A game that is played by only one person. Solitaire (or solo) games can include card games, war games (like Labyrinth: The War on Terror 2001 – ?), interactive fiction (like Choose Your Own Adventure fiction), role-playing (like Mythic Game Master Emulator), crossword puzzles, video games, and many more.
Solitaire games can be divided into two main groups: player-versus-game, and player-versus-circumstance. In player-versus-game versions, the game is acting as a direct opposition (or challenge) towards the player achieving their goals. As an example, in the video game Uplink, the player takes on the role of a computer hacker in the year 2010, who begins work for the Uplink Corporation, which is a worldwide company providing work for hackers. The player amasses money, software, gateway hardware and skill in the course of performing jobs for various clients, and hacking servers of global corporations for profit.
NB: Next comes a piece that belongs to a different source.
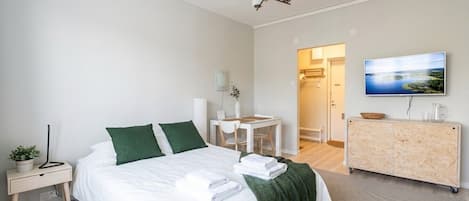 Una habitación de hotel con cama, escritorio, televisor y zona de ducha.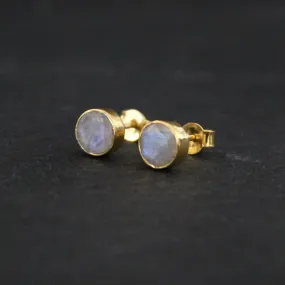 Round Gemstone Stud Earrings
In player-versus-circumstance versions, the game is more dependent on:
- Chance: The game uses randomly-generated elements to offer unpredictability and repeatability.
- Uncertainty: Forcing the player to make guesses, logical deduction, investigation, or engage in discovery.
- Narratology: The game relies on storytelling elements.
- Player Skills: The player must improve their skills to overcome the challenge.
For example, in the popular card game Solitaire (aka Patience), the challenge of the game is in ordering randomly-sorted cards. These style games can also present puzzles, riddles, tricks, and traps to ensnare the player.
In player-versus-game scenarios, the game itself may either act as a near-perfect surrogate for a real player, or it may instead have vastly different mechanics that produce similar results (via abstraction).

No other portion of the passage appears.